Content starts

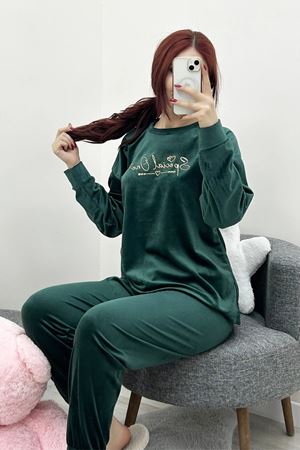 Kadın Fransız Kadife Pijama Takımı Zümrüt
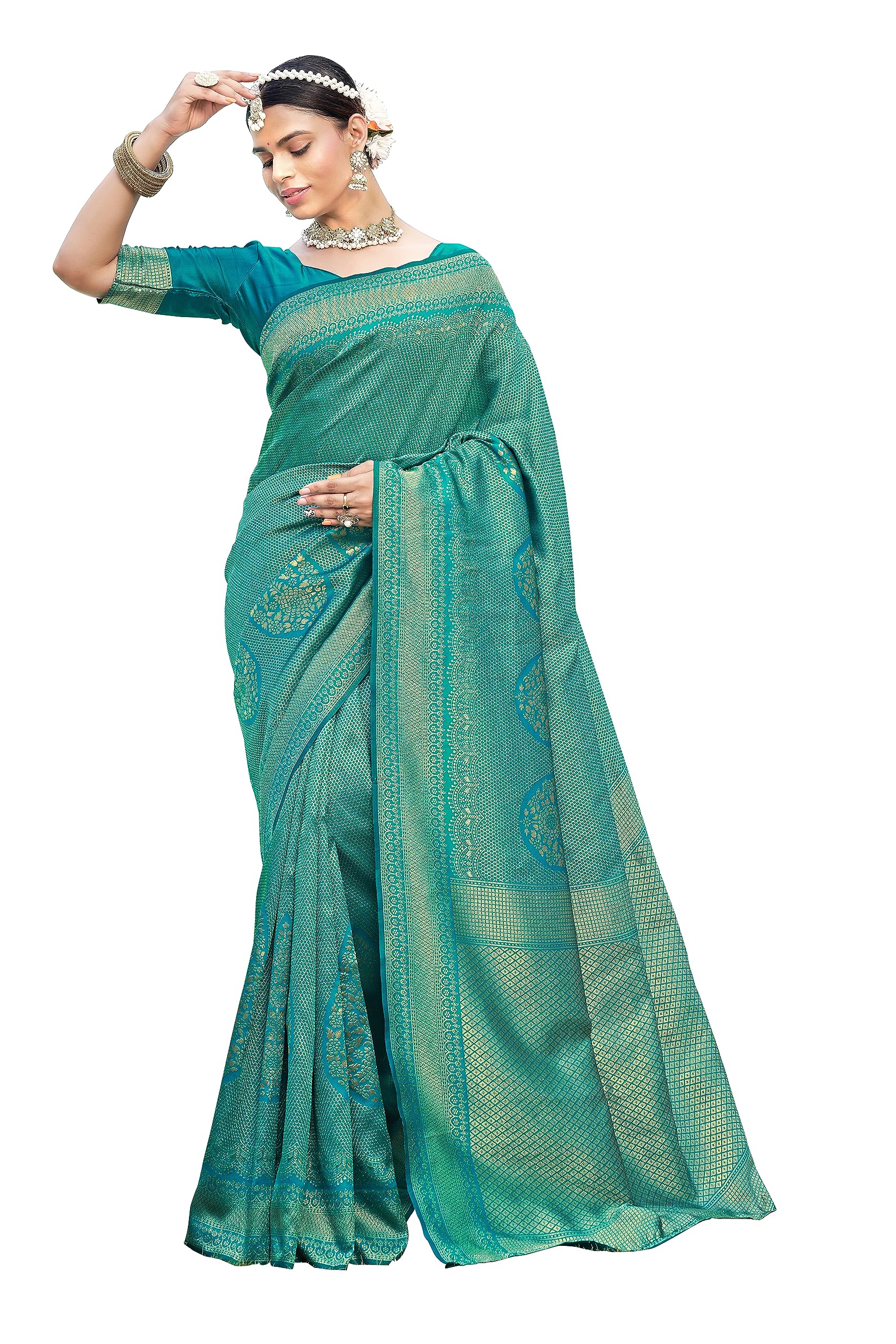 Glory Sarees Womens Banarasi Silk Saree With Blouse Piece (Premium_Silk107_Firozi)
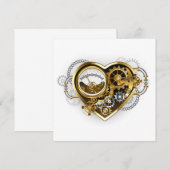 Steampunk-Herz mit Manometer Save The Date (Vorne/Hinten)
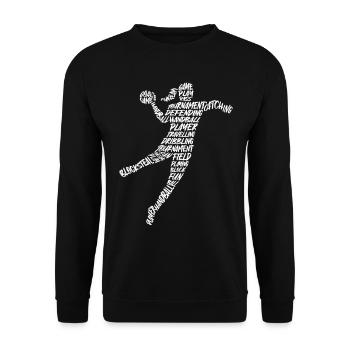 Handball Frauen Handballspieler Handballerin - Unisex Pullover - Schwarz - Vorne - Alina (178cm) & Michal (187cm)
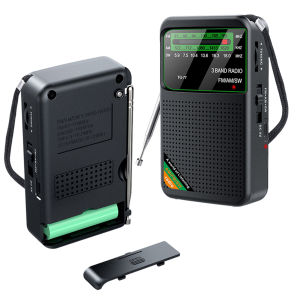 Compact Solar Radio with 2000mAh Battery Hand Crank FM AM WB NOAA Weather Radio LED Flashlight Emergency Use
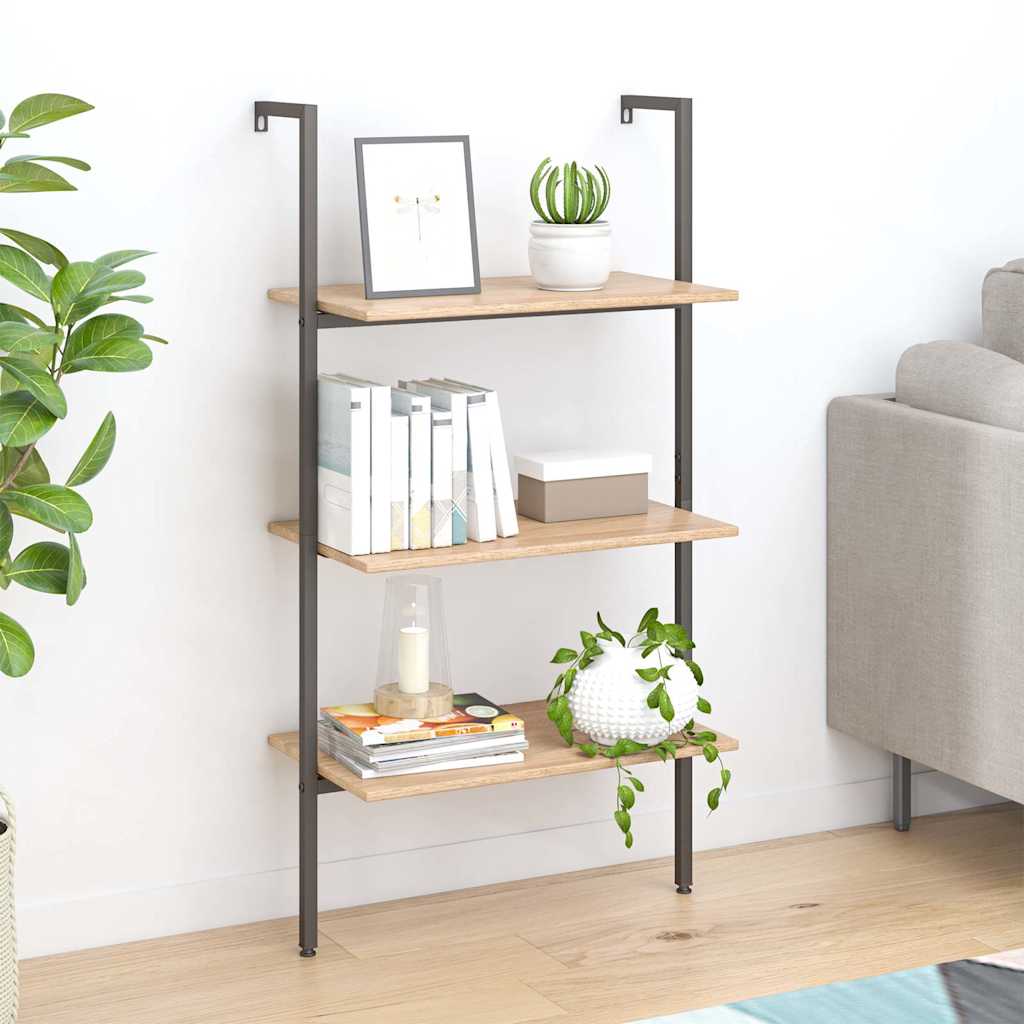 3-Tier Leaning Shelf Light Brown and Black 64x35x120,5 cm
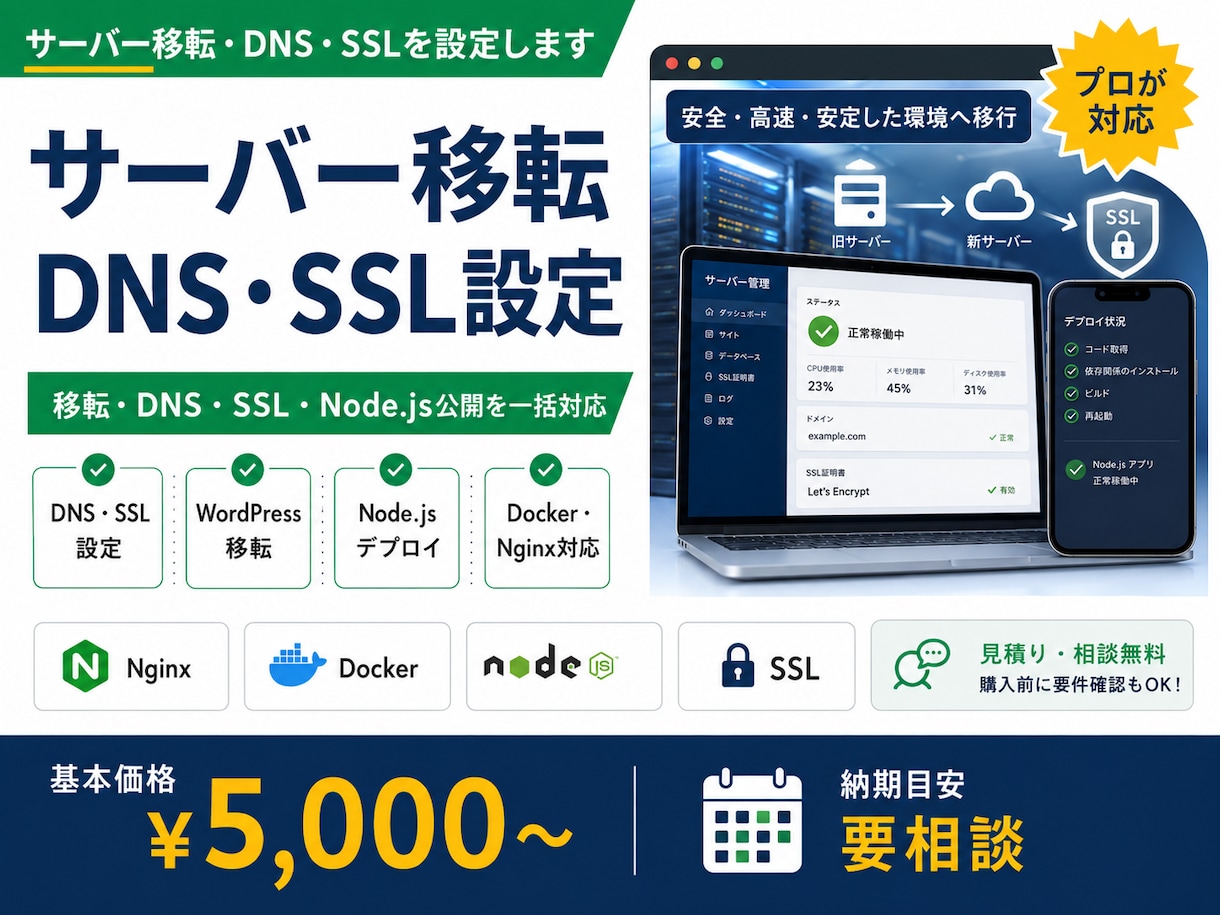 サーバー移転・DNS・SSLを設定します 移転・DNS・SSL・Node.js公開を一括対応 イメージ1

Content ends

* [REQUIRED ACTION]:
Extract the full listing above verbatim; pictures are to be left out of the copy.

* [RESPONSE TO THIS EXERCISE]:
 Kadın Fransız Kadife Pijama Takımı Zümrüt
 Glory Sarees Womens Banarasi Silk Saree With Blouse Piece (Premium_Silk107_Firozi)
 Steampunk-Herz mit Manometer Save The Date (Vorne/Hinten)
 Handball Frauen Handballspieler Handballerin - Unisex Pullover - Schwarz - Vorne - Alina (178cm) & Michal (187cm)
 Compact Solar Radio with 2000mAh Battery Hand Crank FM AM WB NOAA Weather Radio LED Flashlight Emergency Use
 3-Tier Leaning Shelf Light Brown and Black 64x35x120,5 cm
 サーバー移転・DNS・SSLを設定します 移転・DNS・SSL・Node.js公開を一括対応 イメージ1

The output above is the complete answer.